Segment Start: Exercise data

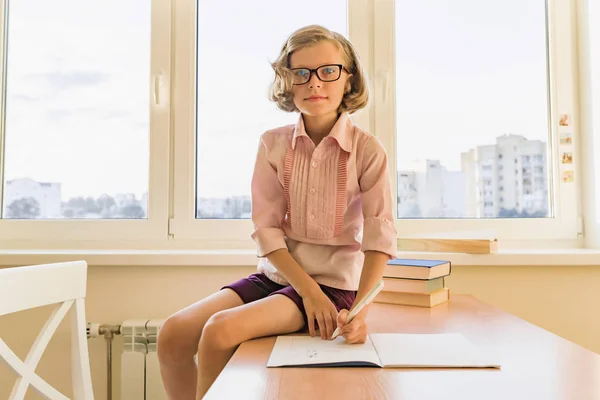 Colegiala, niña de 8 años, sentada a la mesa con libros —  Fotos de Stock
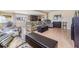 Comfortable living room featuring plush seating, shelving and natural light from a large window at 36750 Beth Ave, Zephyrhills, FL 33542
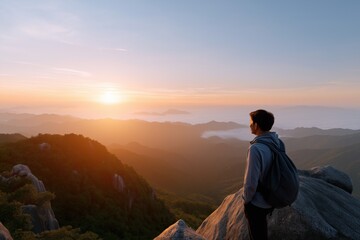 Young asian male backpacker watching sunrise over mountain landscape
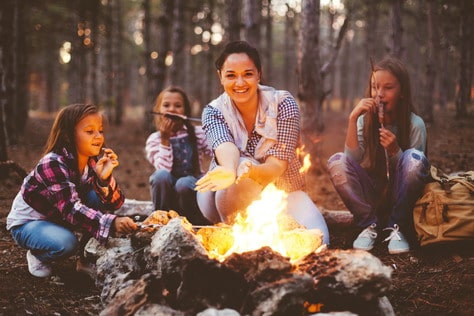 Group of kids with mom sitting by the fire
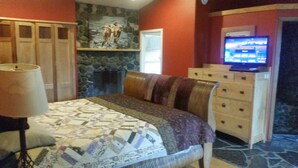Un dormitorio con cama, cómoda, televisor y pared de piedra.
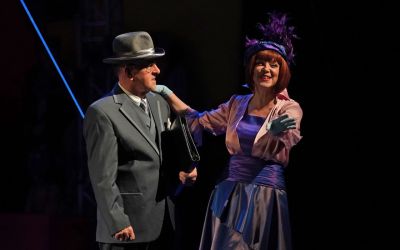 czarne tło, po lewej mężczyzna ubrany w szary garnitur, kapelusz na głowie w lewej ręce pod pachą dzierży skórzaną teczkę patrzy na kobietę, kobieta stoi po prawej i trzyma mężczyznę za ramię, jest ubrana w odcieniach różu i fioletu, ma błękitne rękawiczki, fioletowe zdobione nakrycie głowy, rude włosy i czerwoną szminkę, jest uśmiechnięta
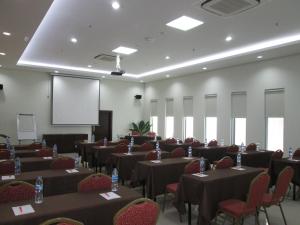 a conference room with tables and chairs and a screen at BAMBOO INN HOTEL & CAFE in Jakarta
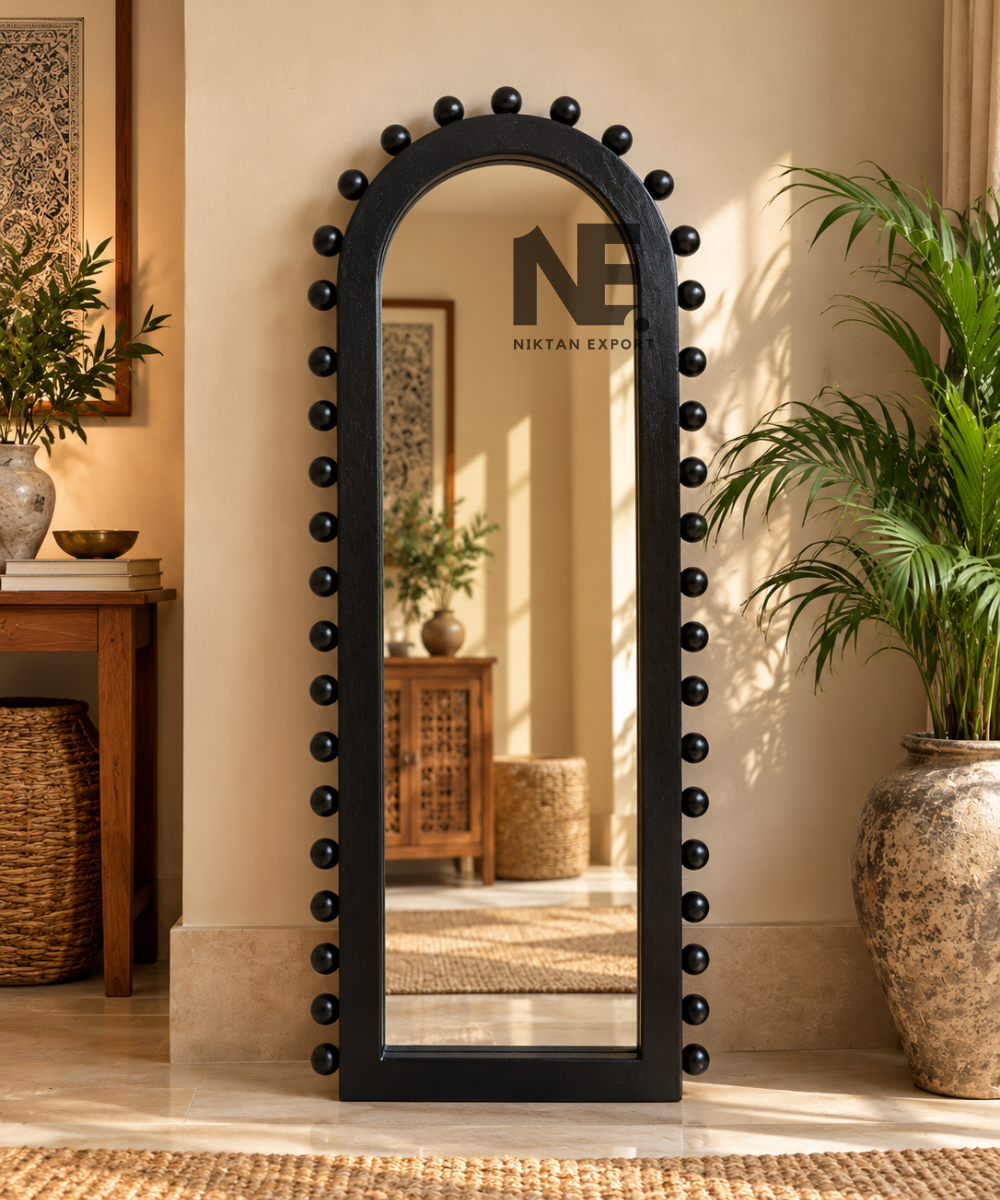 Arched black wooden mirror with decorative rounded studs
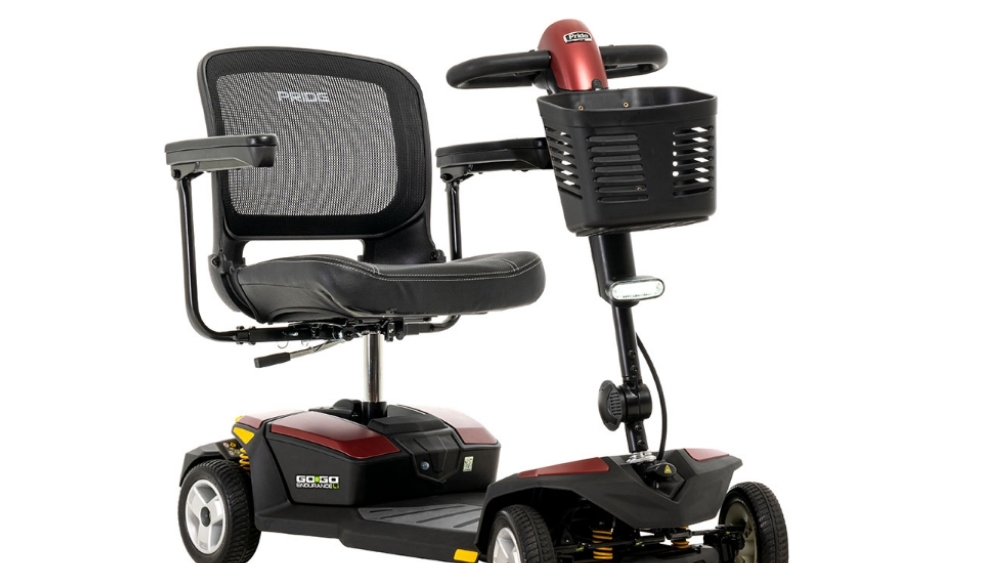 A four-wheel Go Go® Endurance Li mobility scooter featuring a black seat, mesh backrest, armrests, front basket, and red accents, designed for personal transportation.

Segment End: Exercise data

Directions for this task: Transcribe exactly, and only, the lines from the one containing "a conference room" through the last line of the records above, both included; leave out the pictures.

Answer area:
 a conference room with tables and chairs and a screen at BAMBOO INN HOTEL & CAFE in Jakarta
 Arched black wooden mirror with decorative rounded studs
 A four-wheel Go Go® Endurance Li mobility scooter featuring a black seat, mesh backrest, armrests, front basket, and red accents, designed for personal transportation.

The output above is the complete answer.